Lawyer Leila de Lima, the CHR chairman, urged concerned agencies, particularly the Philippine National Police (PNP) and the Department of Justice to end these killings, believed to have been perpetrated by “vigilantes” allegedly working with the tacit signal from lawmen.
Such killings are also known in police parlance as “salvaging” in which most of the victims are suspected criminals.
De Lima expressed her deep concern over these killings in the wake of the spate of the discovery of the bodies of victims of summary executions in Metro Manila.
The victims, she said, were found dumped in secluded places in the metropolis and attached to them are placards written in the Filipino language which bore the message: “Don’t imitate me.

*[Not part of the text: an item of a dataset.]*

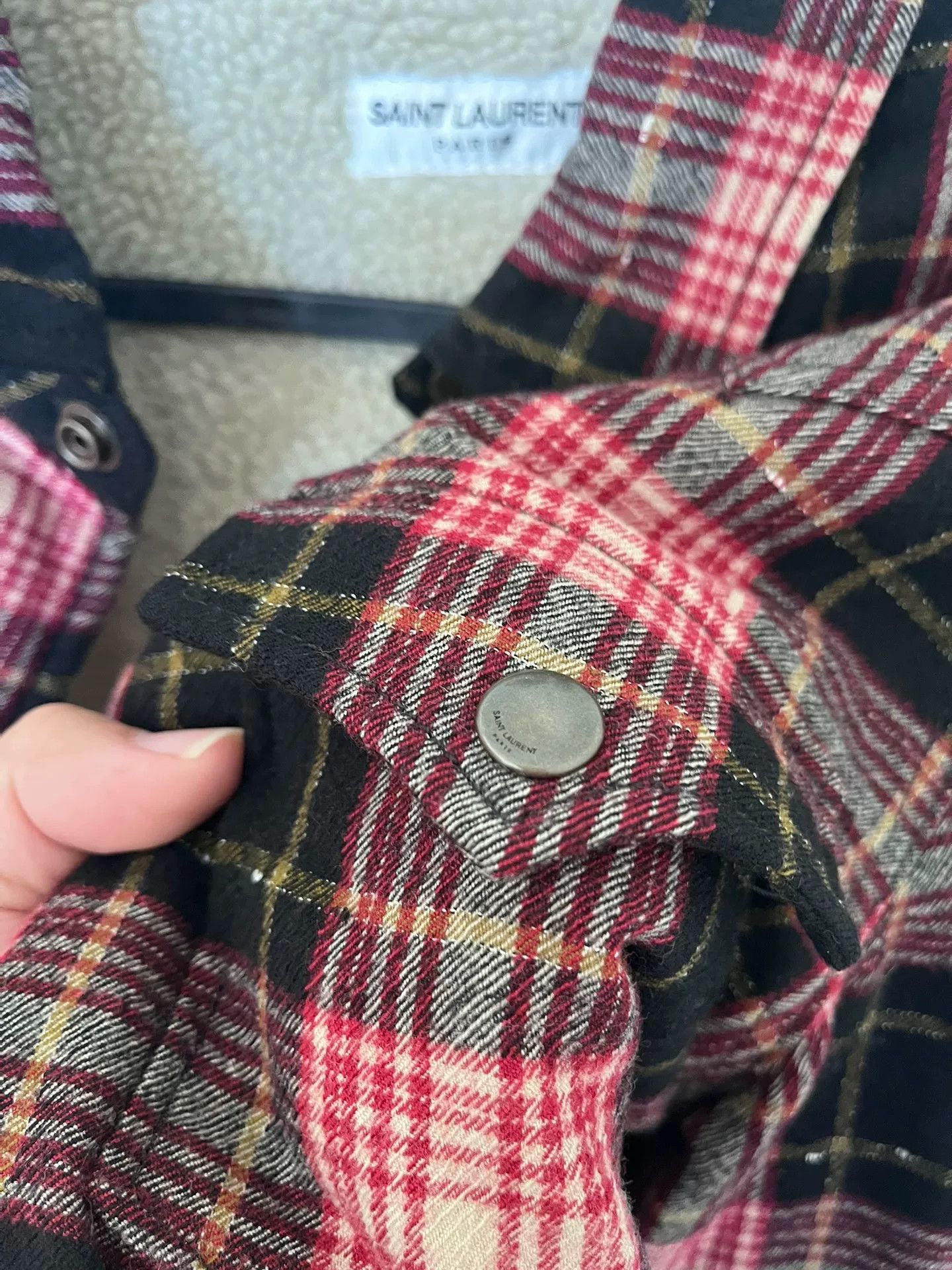 Saint Laurent Paris Saint Laurent Red/Black Plaid Shearling Shirt Jacket Size US S / EU 44-46 / 1 - 7 Thumbnail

I am a robber.”
De Lima also cited reports from the CHR regional office as well as human rights groups in Davao City in Mindanao where about 20 unsolved cases of summary executions had allegedly occurred in the month of January alone.
The killings were said to have been perpetrated by the so-called “Davao Death Squad” which targets suspected criminal elements like drug pushers, thieves, holdup men and robbers.

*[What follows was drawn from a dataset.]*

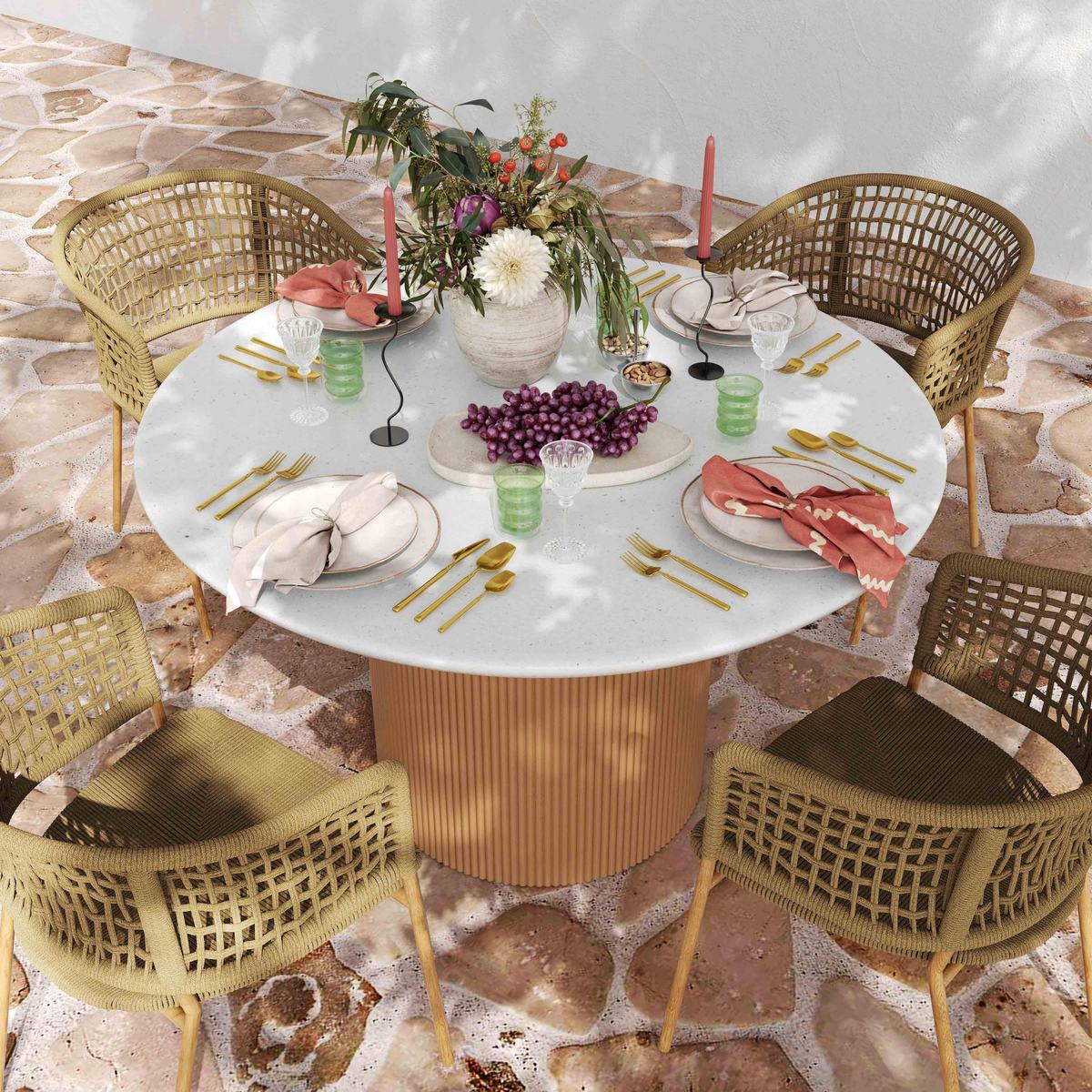 Rose Faux Terrazzo and Terracotta Indoor / Outdoor Round Concrete Dining Table - Image 2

As in Metro Manila, the killings in Davao were reportedly the handiwork of vigilante groups with links to the police, human rights advocates claimed.
Significantly, the increase in such killings has reached alarming proportions as the Philippines, like other nations in the world, is now experiencing the adverse impact of the global financial and economic crunch.
Bur De Lima emphasized there is no reason to take anyone’s life through the so-called “street justice” except in self-defense or armed conflict.
“Since the State itself is prohibited from taking life, more so are private citizens from carrying out the same,” the outspoken CHR chief pointed out.
She did not elaborate, but she was apparently referring to the abolition by the Arroyo administration of the death penalty and its replacement by life imprisonment, for heinous crimes like plunder, dealing in illegal drugs, murder, rape and robbery with homicide.
De Lima also stressed that the right to life and due process are firmly enshrined in the 1987 Constitution and other laws which are applicable to all Filipinos.
Thus, when the use of extra legal means for revenge or retribution becomes rampant and widespread, all citizens are placed in the grave danger of being denied their own rights to life and due process, she said.
De Lima said that preservation of the right to life and due process is a way of protecting the integrity of the rule of law in country as she emphasized:
“We cannot hope to provide the innocent and the upstanding with the protections of the law if we do not provide the same protections to miscreants and criminals.”